30 Haziran'da kurultay seçimini yok sayma, kayyım atama gibi kararlar verilemez.
9)Konuyla ilgili zorlamalı da olsa bir ceza davası açıldığı için,onun sonucunun beklenmesine yönelik bekletici mesele kararı verilmesi muhtemeldir.
Hukuki başka pek çok argüman var.Ancak hukuktan arındırılmış ortamlarda bunlar etkili olmaz. 30 Haziran'da; hukuktan arındırmanın ne ölçüye varabileceğini göreceğiz.
10)Partilerin hukuk dışı yöntemlerle etkisizleştirilmesi esasen suçtur.Bu suçların mağduru sadece o partinin üyeleri değil tüm toplumdur. Fail ise hukuktan arandırılmış ortamı oluşturanlardır.Eylemli kapatma girişimi 'fiili' bir zor kullanma olduğu için, çözümü 'hukuki' eylemliliktir."

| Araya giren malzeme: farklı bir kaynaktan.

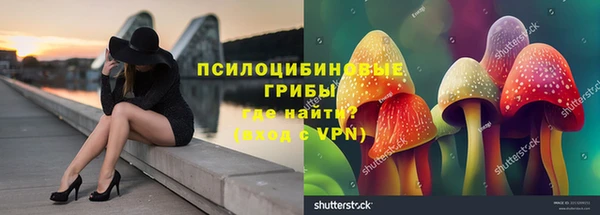 apvp Абинск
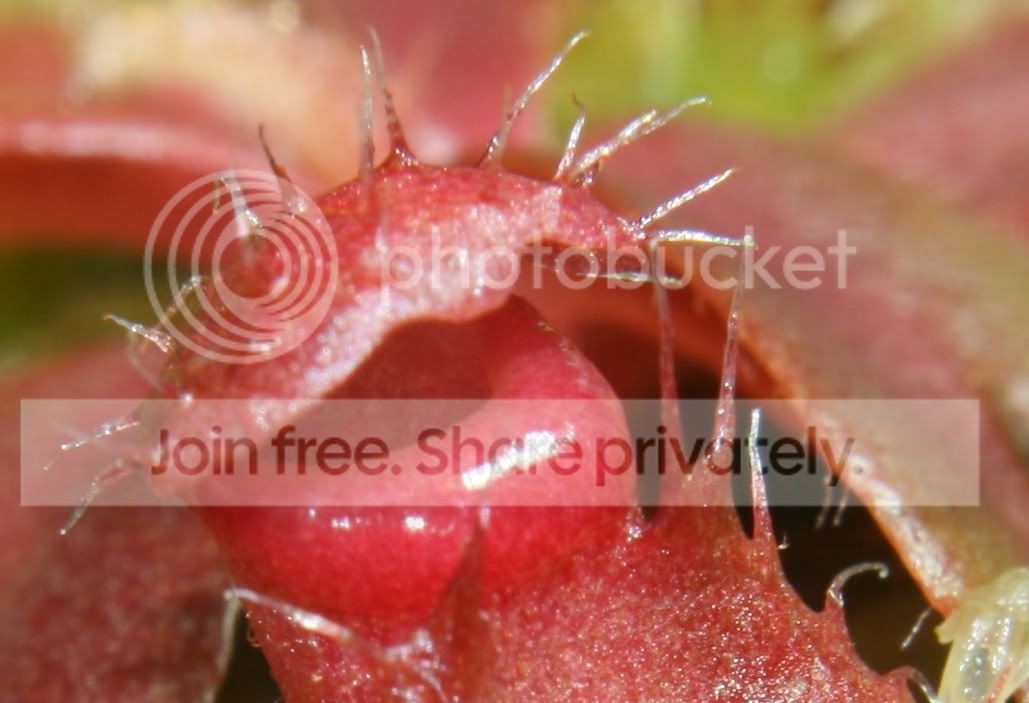 ALBOSEEDLING2.jpg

TÜRKİYE, ÇOĞULCU DEMOKRASİDEN, SERBEST SEÇİMLERDEN GERİYE DÖNMEZ
İktidar bir yandan CHP'nin cumhurbaşkanı adayını içeri tıkıyor yakın çalışma arkadaşlarıyla birlikte, bir yandan da kendisini adaylaştıran partinin, CHP'nin ensesinde adeta boza pişirmek için dümen üzerine dümen çeviriyor. Sözcülerine ekranlarını açan televizyonlara ceza üstüne ceza kesip lisans iptalini demoklesin kılıcı gibi üstlerinde tutuyor; kanalların sahipleri hakkında yakalama kararları çıkarılıyor; ekran yüzleri tutuklanıyor, soruşturmaya tabi tutuluyor!

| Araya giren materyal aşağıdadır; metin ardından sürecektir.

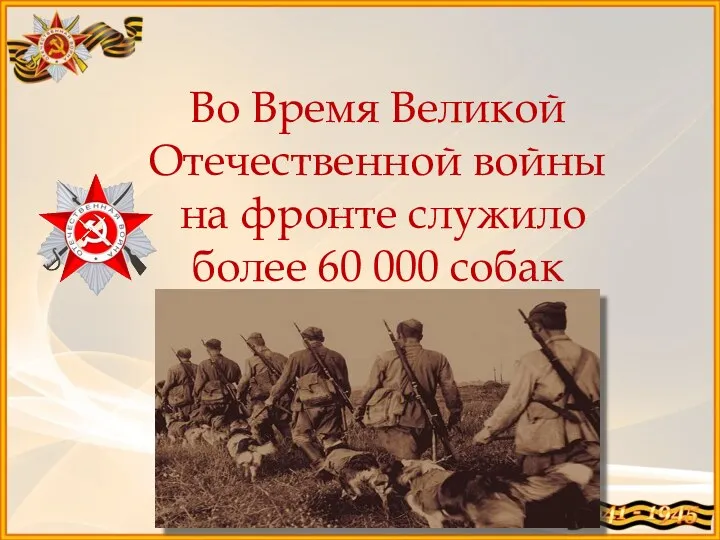 Во Время Великой Отечественной войны на фронте служило более 60 000 собак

Bunun da adı serbest seçim olacak, öyle mi? İktidar cenahında hala aklına mukayyet olanlar, ülkesinin en kıymetli yumuşak gücü demokrasinin erdeminin farkında olanlar kaldıysa Ülkücü kökenli hukukçu Sözüer'in 10 maddelik değerlendirmesini sindire sindire birkaç kez okumalıdır.

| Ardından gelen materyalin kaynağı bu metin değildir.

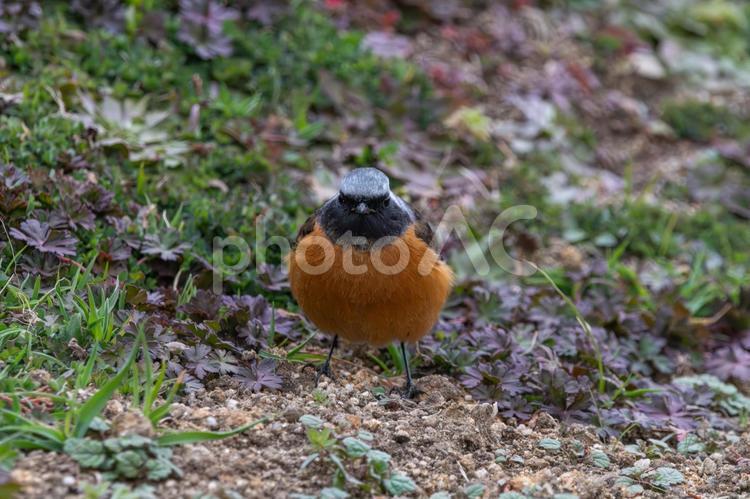ジョウビタキの冬の装い ジョウビタキ,鳥,野鳥の写真素材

Türkiye, bu yaşananları hiç hak etmiyor, bütün bunlar sanıyordu ki millet 65-70 eskide kaldı. Hani "eski Türkiye" diyor ya iktidar; neden 65-70 yil önceye kırıp direksiyonu CHP ile uğraşıyorsun? Çok partili çoğulcu demokrasinin nimetleri ile iktidara geldin, gitmen gerektiğinde gidecek, çalışıp seçmenin gözüne girebilirsen girip yeniden geleceksin. Türkiye, ne Putin Rusya'sı gibi olmak ister, ne Hamaney İran'ı, ne de Netanyahu İsrail'i ... Türkiye, Avrupa bile faşizmin, nazizmin yükselişi içindeyken Atatürk döneminde çok partili demokrasiyi deneyen ve sonunda 1946'da kapıyı açan, 1950 seçimleri ile de hem de CHP iktidarında içselleştiren bir ülkedir. Bilmem anlatabildim mi?